◆ **Problem requirements**: Through the line that contains "BB110, the Stax", return the data below exactly, starting at its first line; leave the rest out.

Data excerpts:

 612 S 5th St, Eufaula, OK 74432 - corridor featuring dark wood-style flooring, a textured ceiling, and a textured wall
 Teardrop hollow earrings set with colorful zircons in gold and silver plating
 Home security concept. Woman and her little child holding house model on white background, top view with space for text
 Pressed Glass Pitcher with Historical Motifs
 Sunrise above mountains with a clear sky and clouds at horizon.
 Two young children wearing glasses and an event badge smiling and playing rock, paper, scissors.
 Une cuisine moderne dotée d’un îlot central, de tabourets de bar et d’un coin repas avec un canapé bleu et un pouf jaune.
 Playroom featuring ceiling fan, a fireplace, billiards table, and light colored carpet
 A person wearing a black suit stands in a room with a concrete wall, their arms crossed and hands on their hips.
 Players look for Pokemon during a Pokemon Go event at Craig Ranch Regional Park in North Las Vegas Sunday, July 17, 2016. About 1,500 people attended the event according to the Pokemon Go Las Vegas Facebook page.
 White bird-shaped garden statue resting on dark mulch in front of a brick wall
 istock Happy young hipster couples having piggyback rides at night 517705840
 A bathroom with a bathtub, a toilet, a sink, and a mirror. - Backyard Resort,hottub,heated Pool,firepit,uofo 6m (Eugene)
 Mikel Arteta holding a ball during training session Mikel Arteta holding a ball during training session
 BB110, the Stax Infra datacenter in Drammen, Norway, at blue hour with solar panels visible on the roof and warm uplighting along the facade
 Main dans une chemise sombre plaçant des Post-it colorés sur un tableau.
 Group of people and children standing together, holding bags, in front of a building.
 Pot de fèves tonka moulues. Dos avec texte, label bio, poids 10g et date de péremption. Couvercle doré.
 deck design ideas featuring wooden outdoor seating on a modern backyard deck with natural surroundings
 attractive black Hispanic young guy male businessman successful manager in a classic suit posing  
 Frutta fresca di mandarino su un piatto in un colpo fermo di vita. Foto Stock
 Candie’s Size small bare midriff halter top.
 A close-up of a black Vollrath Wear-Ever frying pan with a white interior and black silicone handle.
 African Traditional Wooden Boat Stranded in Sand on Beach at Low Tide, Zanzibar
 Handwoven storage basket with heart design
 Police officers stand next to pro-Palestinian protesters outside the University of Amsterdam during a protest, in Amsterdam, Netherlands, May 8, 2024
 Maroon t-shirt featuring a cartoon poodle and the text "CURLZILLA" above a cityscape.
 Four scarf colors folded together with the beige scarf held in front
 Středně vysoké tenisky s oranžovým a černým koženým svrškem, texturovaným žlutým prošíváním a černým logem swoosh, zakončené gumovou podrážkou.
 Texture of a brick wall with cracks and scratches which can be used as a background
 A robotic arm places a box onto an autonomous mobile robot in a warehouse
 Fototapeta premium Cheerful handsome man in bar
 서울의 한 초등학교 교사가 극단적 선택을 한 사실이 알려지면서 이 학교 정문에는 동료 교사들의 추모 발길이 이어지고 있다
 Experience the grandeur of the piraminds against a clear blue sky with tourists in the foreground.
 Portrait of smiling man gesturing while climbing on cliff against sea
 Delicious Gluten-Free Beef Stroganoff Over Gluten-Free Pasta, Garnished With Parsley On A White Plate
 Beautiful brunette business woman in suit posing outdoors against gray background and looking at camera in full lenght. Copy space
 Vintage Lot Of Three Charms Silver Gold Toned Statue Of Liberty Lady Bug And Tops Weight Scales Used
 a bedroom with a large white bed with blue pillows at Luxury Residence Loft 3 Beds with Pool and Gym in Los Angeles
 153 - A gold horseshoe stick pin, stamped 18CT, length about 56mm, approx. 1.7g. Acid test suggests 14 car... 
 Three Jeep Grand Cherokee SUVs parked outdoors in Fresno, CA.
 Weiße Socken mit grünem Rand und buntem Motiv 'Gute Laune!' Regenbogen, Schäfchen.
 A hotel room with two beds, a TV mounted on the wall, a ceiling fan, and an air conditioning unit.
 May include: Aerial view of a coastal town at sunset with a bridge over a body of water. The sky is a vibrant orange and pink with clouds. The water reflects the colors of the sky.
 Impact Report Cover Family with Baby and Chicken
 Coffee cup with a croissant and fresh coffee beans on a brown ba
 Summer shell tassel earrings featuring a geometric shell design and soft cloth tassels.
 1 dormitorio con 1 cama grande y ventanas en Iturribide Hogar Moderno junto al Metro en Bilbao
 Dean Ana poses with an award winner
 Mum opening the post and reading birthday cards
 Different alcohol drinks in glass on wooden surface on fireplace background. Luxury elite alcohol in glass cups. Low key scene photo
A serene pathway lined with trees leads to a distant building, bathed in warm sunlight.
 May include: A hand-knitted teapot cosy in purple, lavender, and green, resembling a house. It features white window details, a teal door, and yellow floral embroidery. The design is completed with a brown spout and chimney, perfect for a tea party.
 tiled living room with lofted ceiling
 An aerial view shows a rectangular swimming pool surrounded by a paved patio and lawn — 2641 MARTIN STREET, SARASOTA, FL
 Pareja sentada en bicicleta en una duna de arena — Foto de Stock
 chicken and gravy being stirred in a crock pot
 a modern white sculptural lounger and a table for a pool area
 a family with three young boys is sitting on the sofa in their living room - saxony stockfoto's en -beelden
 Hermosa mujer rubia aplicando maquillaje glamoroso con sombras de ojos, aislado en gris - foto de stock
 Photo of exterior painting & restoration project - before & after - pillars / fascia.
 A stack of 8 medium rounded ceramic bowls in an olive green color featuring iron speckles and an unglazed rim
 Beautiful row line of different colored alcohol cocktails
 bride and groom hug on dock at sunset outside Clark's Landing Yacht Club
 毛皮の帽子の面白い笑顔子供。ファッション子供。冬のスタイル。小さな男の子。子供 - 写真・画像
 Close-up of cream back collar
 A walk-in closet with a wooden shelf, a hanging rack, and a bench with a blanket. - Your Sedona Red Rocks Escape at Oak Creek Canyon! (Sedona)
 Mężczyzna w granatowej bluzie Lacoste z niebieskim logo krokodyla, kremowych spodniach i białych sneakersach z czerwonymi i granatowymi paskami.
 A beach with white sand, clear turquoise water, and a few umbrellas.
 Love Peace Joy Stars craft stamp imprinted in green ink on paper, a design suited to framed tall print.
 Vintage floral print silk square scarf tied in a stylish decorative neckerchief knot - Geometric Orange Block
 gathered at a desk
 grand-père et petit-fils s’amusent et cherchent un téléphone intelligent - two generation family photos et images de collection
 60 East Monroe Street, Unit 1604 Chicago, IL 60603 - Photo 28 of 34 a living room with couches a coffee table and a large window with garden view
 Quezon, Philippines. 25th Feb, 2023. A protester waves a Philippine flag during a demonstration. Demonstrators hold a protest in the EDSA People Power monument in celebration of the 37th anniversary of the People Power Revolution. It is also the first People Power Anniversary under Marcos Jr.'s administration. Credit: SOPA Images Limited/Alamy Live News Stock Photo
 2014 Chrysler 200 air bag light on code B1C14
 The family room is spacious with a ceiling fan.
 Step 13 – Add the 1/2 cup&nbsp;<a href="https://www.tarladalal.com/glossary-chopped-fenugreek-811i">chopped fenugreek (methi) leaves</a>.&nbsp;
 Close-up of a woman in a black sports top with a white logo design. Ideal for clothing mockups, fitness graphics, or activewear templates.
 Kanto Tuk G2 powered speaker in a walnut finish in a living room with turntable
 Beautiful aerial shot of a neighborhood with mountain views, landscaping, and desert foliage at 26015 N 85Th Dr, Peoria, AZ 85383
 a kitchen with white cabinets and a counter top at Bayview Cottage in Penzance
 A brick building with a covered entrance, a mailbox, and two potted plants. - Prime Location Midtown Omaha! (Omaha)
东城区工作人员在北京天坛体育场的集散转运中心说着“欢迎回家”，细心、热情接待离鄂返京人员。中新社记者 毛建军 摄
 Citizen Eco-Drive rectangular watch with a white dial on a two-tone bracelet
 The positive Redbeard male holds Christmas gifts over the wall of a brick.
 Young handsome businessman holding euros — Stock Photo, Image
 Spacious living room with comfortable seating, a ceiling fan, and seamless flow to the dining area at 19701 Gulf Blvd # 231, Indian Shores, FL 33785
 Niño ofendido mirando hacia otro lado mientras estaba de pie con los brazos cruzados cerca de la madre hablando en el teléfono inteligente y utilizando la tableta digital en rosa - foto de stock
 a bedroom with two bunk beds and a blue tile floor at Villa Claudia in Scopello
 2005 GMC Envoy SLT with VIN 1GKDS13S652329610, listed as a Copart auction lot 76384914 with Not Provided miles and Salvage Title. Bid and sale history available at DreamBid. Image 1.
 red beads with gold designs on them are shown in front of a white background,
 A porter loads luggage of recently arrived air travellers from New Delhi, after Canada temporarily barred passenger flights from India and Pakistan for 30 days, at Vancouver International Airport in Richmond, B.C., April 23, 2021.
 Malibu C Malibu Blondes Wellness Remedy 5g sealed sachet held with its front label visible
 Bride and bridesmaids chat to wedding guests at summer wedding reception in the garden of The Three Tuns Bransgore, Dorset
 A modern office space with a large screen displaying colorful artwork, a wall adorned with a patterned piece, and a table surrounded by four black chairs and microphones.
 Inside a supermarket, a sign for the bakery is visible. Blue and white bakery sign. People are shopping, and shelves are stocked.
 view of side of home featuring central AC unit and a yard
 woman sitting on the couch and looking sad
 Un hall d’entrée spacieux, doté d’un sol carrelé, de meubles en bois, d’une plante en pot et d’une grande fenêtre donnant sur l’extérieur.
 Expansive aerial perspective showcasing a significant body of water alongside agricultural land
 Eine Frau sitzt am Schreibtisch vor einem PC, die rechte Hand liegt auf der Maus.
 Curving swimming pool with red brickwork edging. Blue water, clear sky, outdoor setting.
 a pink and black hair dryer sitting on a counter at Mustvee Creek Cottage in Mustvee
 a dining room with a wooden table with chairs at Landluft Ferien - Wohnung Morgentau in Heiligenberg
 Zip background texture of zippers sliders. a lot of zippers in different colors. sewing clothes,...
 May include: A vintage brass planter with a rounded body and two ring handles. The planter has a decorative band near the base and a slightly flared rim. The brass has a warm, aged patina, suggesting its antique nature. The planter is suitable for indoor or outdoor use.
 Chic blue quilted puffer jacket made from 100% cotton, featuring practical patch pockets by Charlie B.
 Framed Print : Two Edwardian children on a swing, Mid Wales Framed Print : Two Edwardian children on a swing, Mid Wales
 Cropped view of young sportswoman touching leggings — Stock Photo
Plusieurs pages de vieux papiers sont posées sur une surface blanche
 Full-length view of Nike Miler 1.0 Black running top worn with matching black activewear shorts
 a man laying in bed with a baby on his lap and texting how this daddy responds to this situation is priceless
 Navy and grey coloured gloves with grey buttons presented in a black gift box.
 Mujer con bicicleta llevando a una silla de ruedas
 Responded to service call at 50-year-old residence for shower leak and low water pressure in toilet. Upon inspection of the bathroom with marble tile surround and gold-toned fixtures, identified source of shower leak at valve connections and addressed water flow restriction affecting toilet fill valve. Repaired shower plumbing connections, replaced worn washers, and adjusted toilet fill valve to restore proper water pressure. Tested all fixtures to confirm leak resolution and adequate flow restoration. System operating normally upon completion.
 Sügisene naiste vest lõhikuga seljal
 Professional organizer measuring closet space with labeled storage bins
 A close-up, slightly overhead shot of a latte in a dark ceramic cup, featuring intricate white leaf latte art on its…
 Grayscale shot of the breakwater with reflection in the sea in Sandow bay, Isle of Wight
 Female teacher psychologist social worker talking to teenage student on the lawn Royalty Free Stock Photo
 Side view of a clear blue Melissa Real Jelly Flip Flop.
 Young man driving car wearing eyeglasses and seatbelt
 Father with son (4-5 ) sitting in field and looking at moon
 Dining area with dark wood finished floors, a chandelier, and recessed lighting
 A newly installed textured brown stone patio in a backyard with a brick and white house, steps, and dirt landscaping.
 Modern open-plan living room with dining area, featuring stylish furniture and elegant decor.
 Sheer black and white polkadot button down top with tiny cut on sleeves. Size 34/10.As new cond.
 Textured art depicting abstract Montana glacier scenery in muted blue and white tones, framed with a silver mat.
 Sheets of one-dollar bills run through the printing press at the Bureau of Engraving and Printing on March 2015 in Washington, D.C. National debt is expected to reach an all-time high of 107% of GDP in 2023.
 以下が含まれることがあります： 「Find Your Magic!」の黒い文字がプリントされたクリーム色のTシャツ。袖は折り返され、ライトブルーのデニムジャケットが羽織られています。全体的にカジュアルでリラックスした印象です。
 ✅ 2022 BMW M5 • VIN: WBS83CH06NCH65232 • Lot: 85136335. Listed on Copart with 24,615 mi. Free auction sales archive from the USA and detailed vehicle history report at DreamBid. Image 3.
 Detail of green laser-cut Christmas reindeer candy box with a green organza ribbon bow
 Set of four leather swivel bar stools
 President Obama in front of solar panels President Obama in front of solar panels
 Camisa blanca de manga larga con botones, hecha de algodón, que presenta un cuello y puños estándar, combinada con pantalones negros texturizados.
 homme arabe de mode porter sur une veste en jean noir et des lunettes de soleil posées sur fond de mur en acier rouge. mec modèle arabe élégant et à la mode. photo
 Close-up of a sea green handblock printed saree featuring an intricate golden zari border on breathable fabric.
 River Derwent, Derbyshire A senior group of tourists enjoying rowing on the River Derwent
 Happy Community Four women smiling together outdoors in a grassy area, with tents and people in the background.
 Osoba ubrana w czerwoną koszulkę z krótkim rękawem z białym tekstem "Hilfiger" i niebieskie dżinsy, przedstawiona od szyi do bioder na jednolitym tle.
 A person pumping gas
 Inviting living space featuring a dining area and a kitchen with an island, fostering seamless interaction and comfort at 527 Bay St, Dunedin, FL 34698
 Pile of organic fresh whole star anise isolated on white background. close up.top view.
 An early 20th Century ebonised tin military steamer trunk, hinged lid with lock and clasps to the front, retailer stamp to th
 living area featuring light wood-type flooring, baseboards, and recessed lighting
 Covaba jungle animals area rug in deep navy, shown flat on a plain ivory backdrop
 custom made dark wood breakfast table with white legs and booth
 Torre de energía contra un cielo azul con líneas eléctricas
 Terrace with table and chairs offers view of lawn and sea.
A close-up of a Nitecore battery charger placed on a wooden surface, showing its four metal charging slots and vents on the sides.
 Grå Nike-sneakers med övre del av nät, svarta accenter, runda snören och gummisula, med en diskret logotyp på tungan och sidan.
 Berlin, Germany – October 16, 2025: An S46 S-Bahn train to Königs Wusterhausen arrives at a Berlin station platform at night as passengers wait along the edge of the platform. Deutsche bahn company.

◆ **The completed task**:
 612 S 5th St, Eufaula, OK 74432 - corridor featuring dark wood-style flooring, a textured ceiling, and a textured wall
 Teardrop hollow earrings set with colorful zircons in gold and silver plating
 Home security concept. Woman and her little child holding house model on white background, top view with space for text
 Pressed Glass Pitcher with Historical Motifs
 Sunrise above mountains with a clear sky and clouds at horizon.
 Two young children wearing glasses and an event badge smiling and playing rock, paper, scissors.
 Une cuisine moderne dotée d’un îlot central, de tabourets de bar et d’un coin repas avec un canapé bleu et un pouf jaune.
 Playroom featuring ceiling fan, a fireplace, billiards table, and light colored carpet
 A person wearing a black suit stands in a room with a concrete wall, their arms crossed and hands on their hips.
 Players look for Pokemon during a Pokemon Go event at Craig Ranch Regional Park in North Las Vegas Sunday, July 17, 2016. About 1,500 people attended the event according to the Pokemon Go Las Vegas Facebook page.
 White bird-shaped garden statue resting on dark mulch in front of a brick wall
 istock Happy young hipster couples having piggyback rides at night 517705840
 A bathroom with a bathtub, a toilet, a sink, and a mirror. - Backyard Resort,hottub,heated Pool,firepit,uofo 6m (Eugene)
 Mikel Arteta holding a ball during training session Mikel Arteta holding a ball during training session
 BB110, the Stax Infra datacenter in Drammen, Norway, at blue hour with solar panels visible on the roof and warm uplighting along the facade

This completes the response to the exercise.